Prydz Bay is a deep embayment of Antarctica between the Lars Christensen Coast and Ingrid Christensen Coast. The Bay is at the downstream end of a giant glacial drainage systems that originates in the East Antarctic interior. The Lambert Glacier flows from Lambert Graben into the Amery Ice Shelf on the south-west side of Prydz Bay. Other major glaciers drain into the southern end of the Amery Ice Shelf at 73oS where the marine part of the system starts at the modern grounding zone. The Amery Ice Shelf extends about 550 km north of the Lambert Glacier grounding zone and occupies a valley between 80–200 km wide. Depths to the bed beneath the Amery Ice Shelf are poorly known in detail but it is clearly over-deepened, reaching around -2500 m MSL close to the grounding zone. The Amery Ice Shelf occupies a very large U-shaped valley with exposed nunataks along the flanks reaching 1500 m in elevation and total relief as high as 3000 m.
Seaward of the Amery Ice Shelf, Prydz Bay shows bathymetry typical of glaciated margins with deeper water near the coast with a broad topographic basin, the Amery Depression that is around -700 m MSL along the front of the Amery Ice Shelf. The Amery Depression shoals gently to outer shelf banks around 100–200 m deep. The shelf break is at around 400–500 m. The western side of Prydz Bay features a broad trough crossing from the inner shelf to the shelf edge, Prydz Channel. It is around 100 km wide and is 500 m deep at the shelf break. It is a typical example of a cross-shelf glacial trough that occupy 40.2% of the area of the Antarctic continental shelf and that are formed by fast-flowing ice streams.

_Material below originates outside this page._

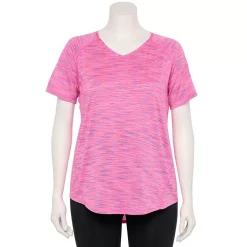 Plus Size Tek Gear® Performance Core V-Neck Tee -The Tek Style Shop 5016444 Pink Spacedye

During the late Neogene, the Lambert Glacier–Amery Ice Shelf drainage system flowed across Prydz Bay in an ice stream that reached the shelf edge and built a trough mouth fan on the upper continental slope. The fan consists mostly of debris flow deposits derived from the melting out of subglacial debris at the grounding line at the continental shelf edge. Ocean Drilling Program Site 1167 indicates that thick debris flow intervals are separated by thin mudstone horizons deposited when the ice had retreated from the shelf edge. The bulk of the trough mouth fan was deposited prior to ~780,000 years ago with as few as three debris flow intervals deposited since then.
Portions of the bay were sighted in January and February 1931 by Norwegian whalers and the British Australian New Zealand Antarctic Research Expedition (BANZARE). It was explored in February 1935 by Norwegian whaler Captain Klarius Mikkelsen in the ship Thorshavn, and was mapped in considerable detail from aerial photographs taken by the Lars Christensen Expedition of 1936-37. Named for Olaf Prydz, general manager of the Hvalfangernes Assuranceforening in Sandefjord, Norway.